On Mar 31, 2008, at 7:04 AM, Roberto Castaldo wrote:
"If you look at an underlined text, what is your very first idea
about it?",
and they ALL answered: "That's a really important text"!!!
Strictly in the context of text, underlined text is a typographical
relative of the double-space following a period: a throwback to the
typewriter age...
From Wikipedia:
An underline is one or more horizontal lines immediately below a
portion of writing. Single, and occasionally double, underlining
was originally used in hand-written or typewritten documents to
emphasise text. In a manuscript to be typeset, various forms of
underlining were conventionally used to indicate that text
should be set in a special typeface such as italics to show
emphasis, part of a procedure known as markup.
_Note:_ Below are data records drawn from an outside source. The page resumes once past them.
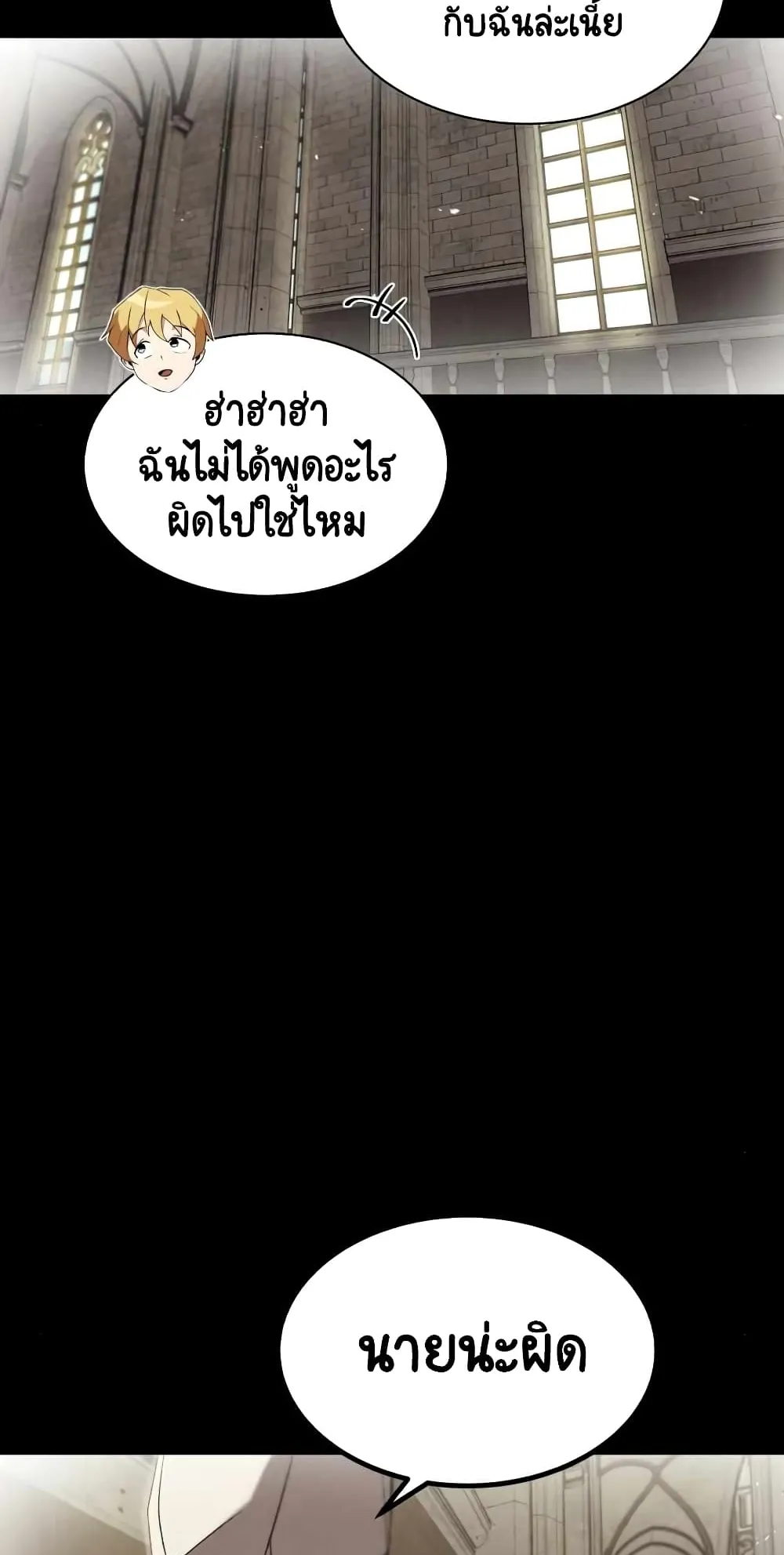The Lazy Lord Masters the Sword ตอนที่ 15 หน้า 125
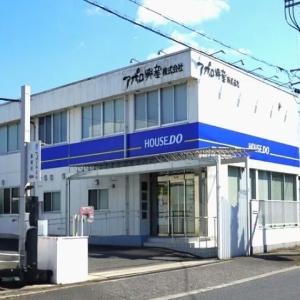 ハウスドゥロゴが目印です！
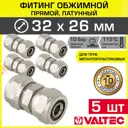 Муфта переходная Valtec 26x32 мм латунь 5 шт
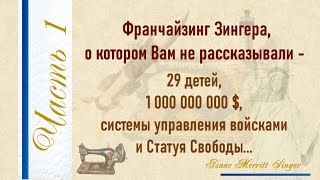 Часть 1. Исаак Зингер. Не только швейная машинка. О чем Вам не рассказывали.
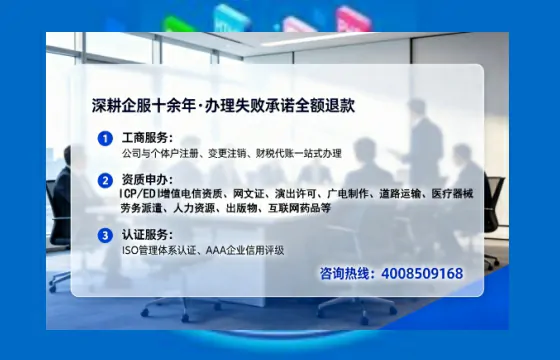 泰安办理<a href='https://www.lihengelec.com/  '>药品经营许可证</a>的实用指南：我的亲身经历与深度分享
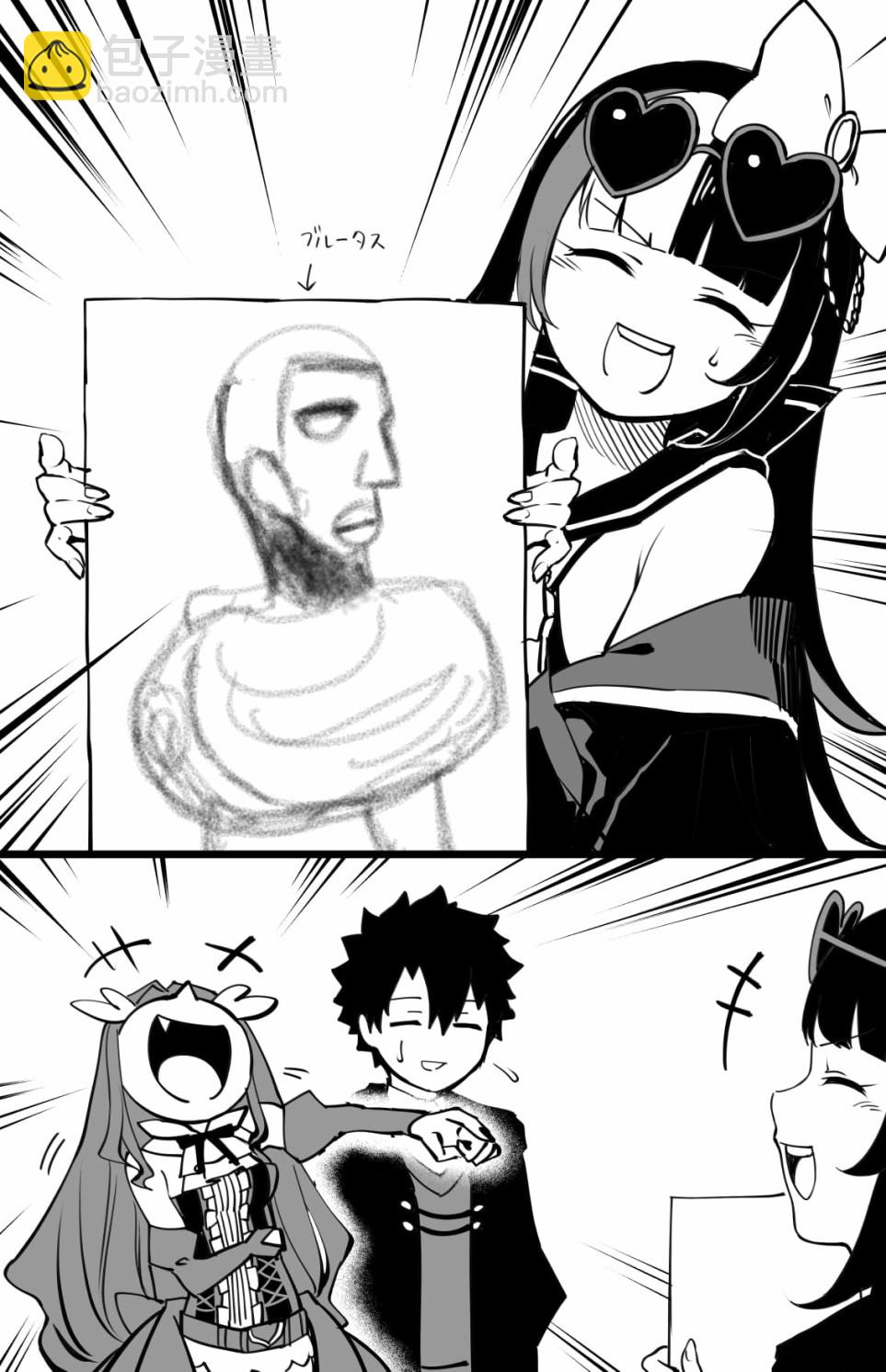 艺术设计2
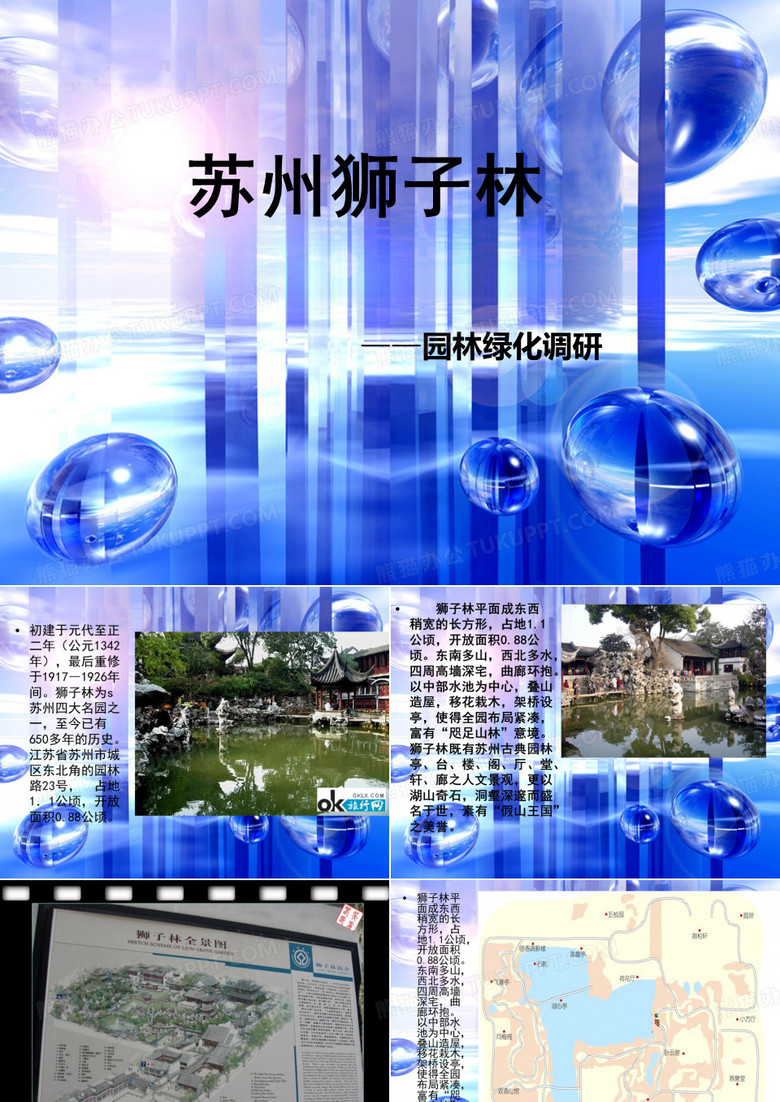 苏州狮子林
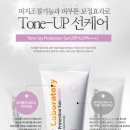 루비앙스 | 차앤박 톤업 프로텍션 선 당첨자 발표해요~!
With the advent
of word processing, different typefaces can be used in the
manuscript directly, so that underlining is no longer needed for
markup; but underlining is sometimes used in documents in its
own right.
Underlines are sometimes used as a diacritic, to indicate that a
letter has a different pronunciation to its non-underlined form.
So underlines, in the content of text, serve as a substitute for, or
indicator of, emphasis that should more properly be provided by
italic (or bold).
Is there a browser that supports <u> but not <em>, <strong>, <i>, <b>?
The one use that I can imagine would be if attempting to reproduce a
typewritten document in its original format.